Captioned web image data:
++++++

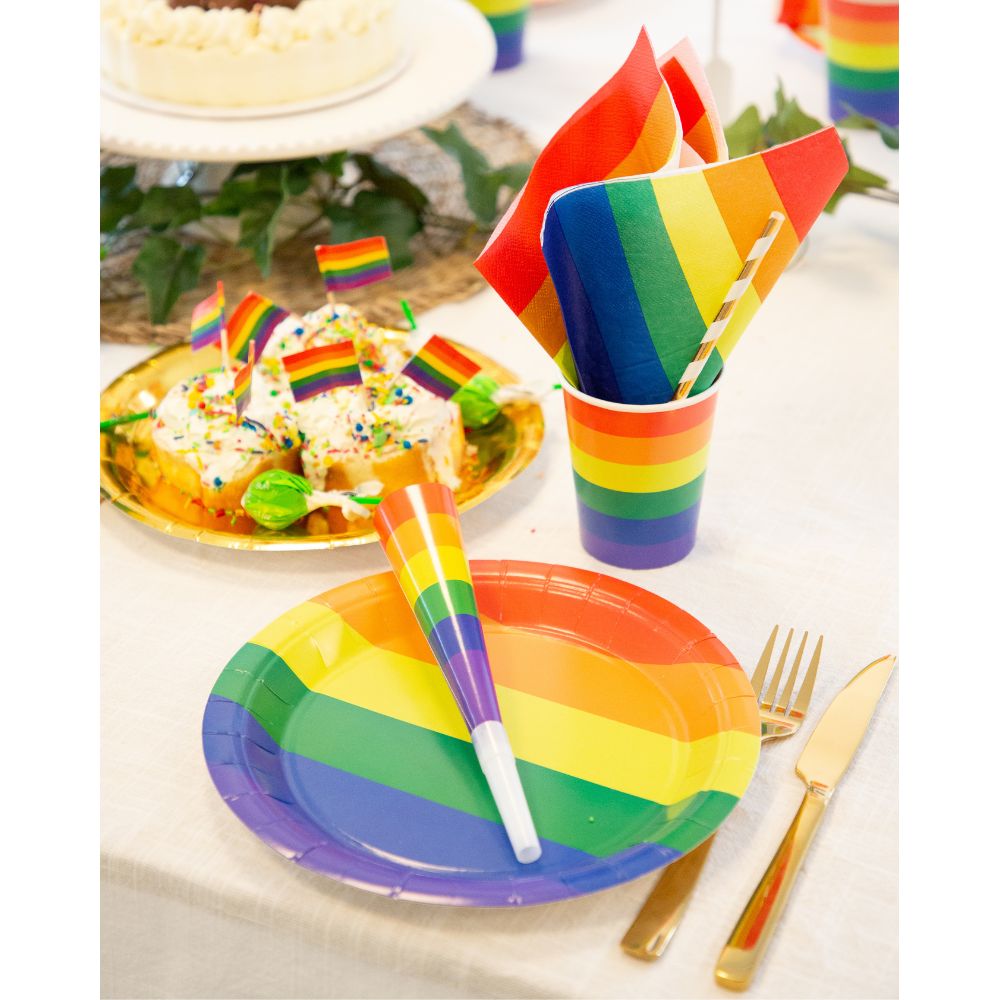 PAPER PLATE RAINBOW 23 CM 8-P - 2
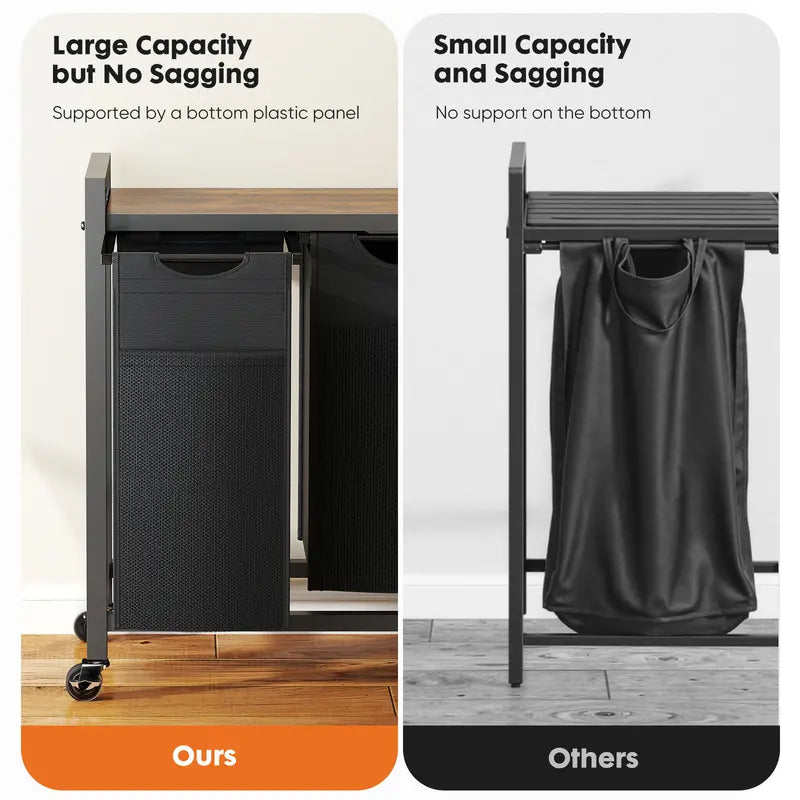 Double-Compartment Rolling Laundry Hamper – Removable Bags & Storage Shelf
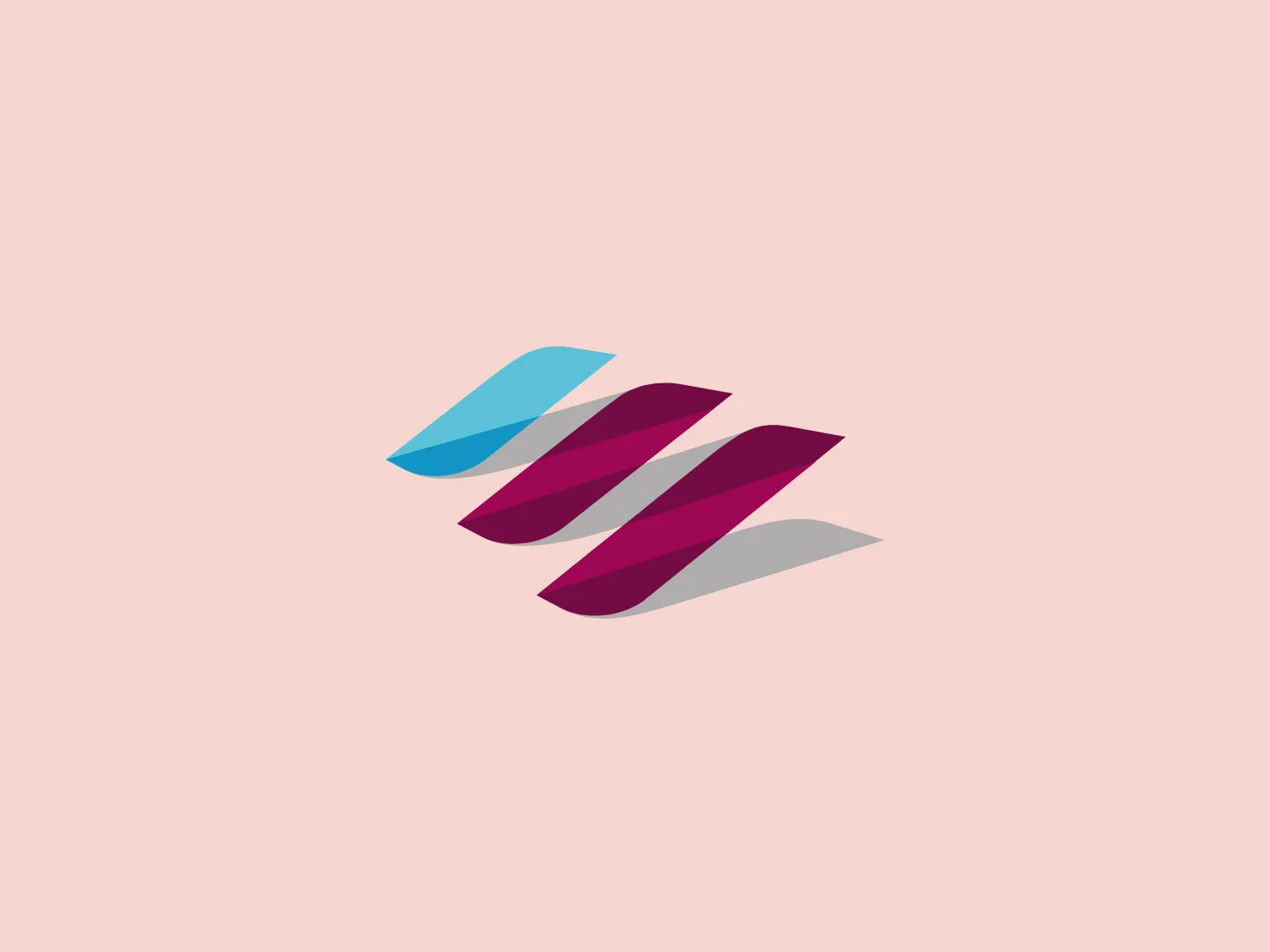 The Eurowings logo features three-dimensional stylized chevrons layered over one another, creating a sense of depth and motion. The foremost shape is a light cyan blue (#4BC6E7), followed by a deeper magenta (#9C1A6F), both exhibiting a glossy sheen. The use of shadow adds to the perception of the shapes floating above the surface. The design aesthetic is modern and dynamic, suitable for a brand that conveys innovation and forward momentum. The simplicity of the design allows for scalability and versatility in various applications. Hexcode: #E9E5CF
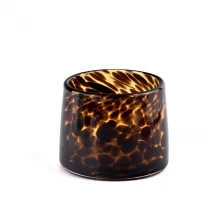 porcelana Venta al por mayor de tarros de velas de vidrio con patrón de manchas marrones para hacer velas fabricante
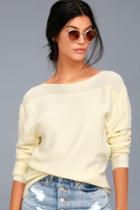 Evidnt | Mellow Move Cream Knit Sweater | Size Large | White | Lulus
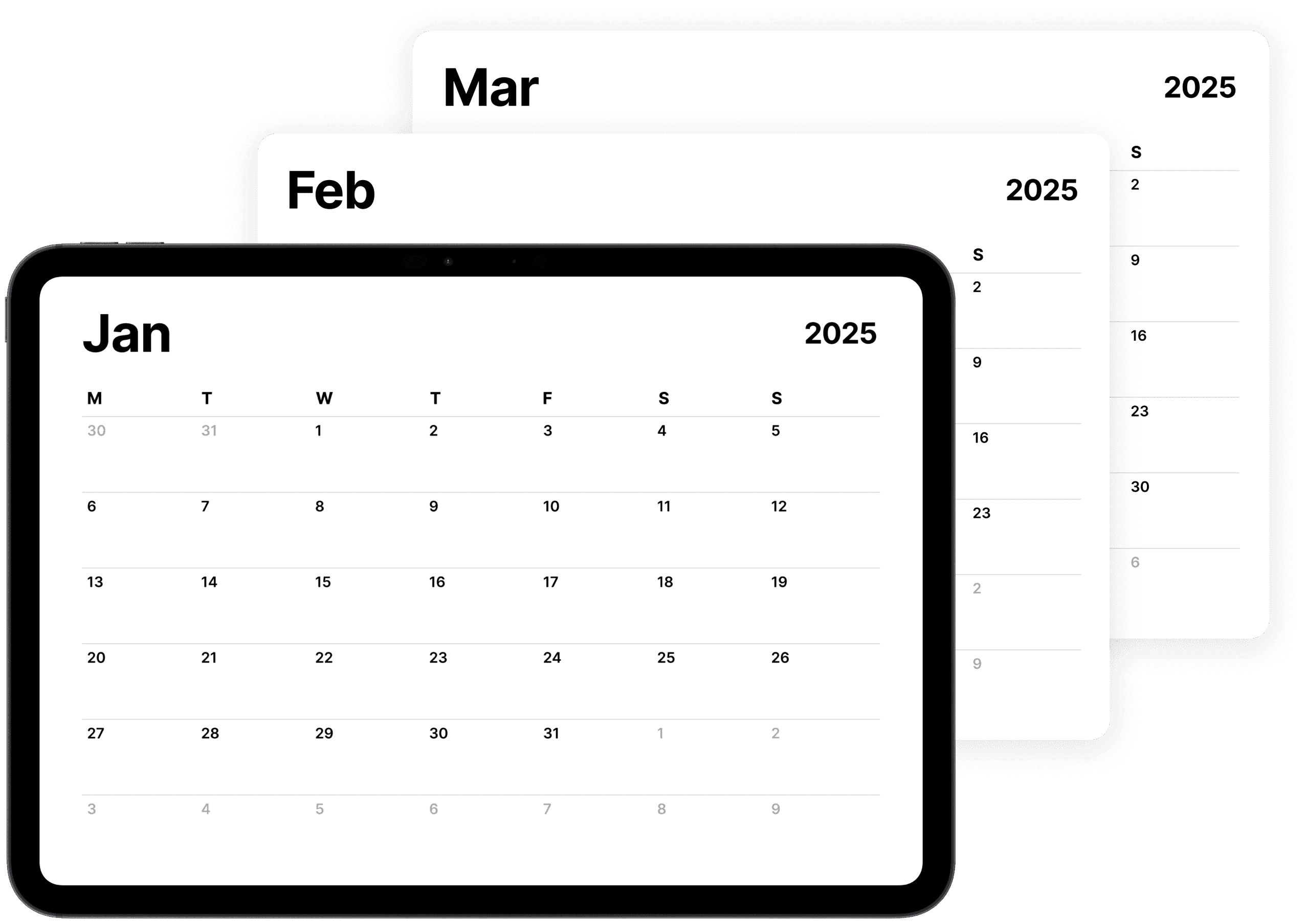 2025 Minimalist Calendar for January, February, March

++++++

→ **YOUR TASK**: Reproduce the complete set of records verbatim and omit the pictures.

→ **EXERCISE ANSWER**:
 PAPER PLATE RAINBOW 23 CM 8-P - 2
 Double-Compartment Rolling Laundry Hamper – Removable Bags & Storage Shelf
 The Eurowings logo features three-dimensional stylized chevrons layered over one another, creating a sense of depth and motion. The foremost shape is a light cyan blue (#4BC6E7), followed by a deeper magenta (#9C1A6F), both exhibiting a glossy sheen. The use of shadow adds to the perception of the shapes floating above the surface. The design aesthetic is modern and dynamic, suitable for a brand that conveys innovation and forward momentum. The simplicity of the design allows for scalability and versatility in various applications. Hexcode: #E9E5CF
 porcelana Venta al por mayor de tarros de velas de vidrio con patrón de manchas marrones para hacer velas fabricante
 Evidnt | Mellow Move Cream Knit Sweater | Size Large | White | Lulus
 2025 Minimalist Calendar for January, February, March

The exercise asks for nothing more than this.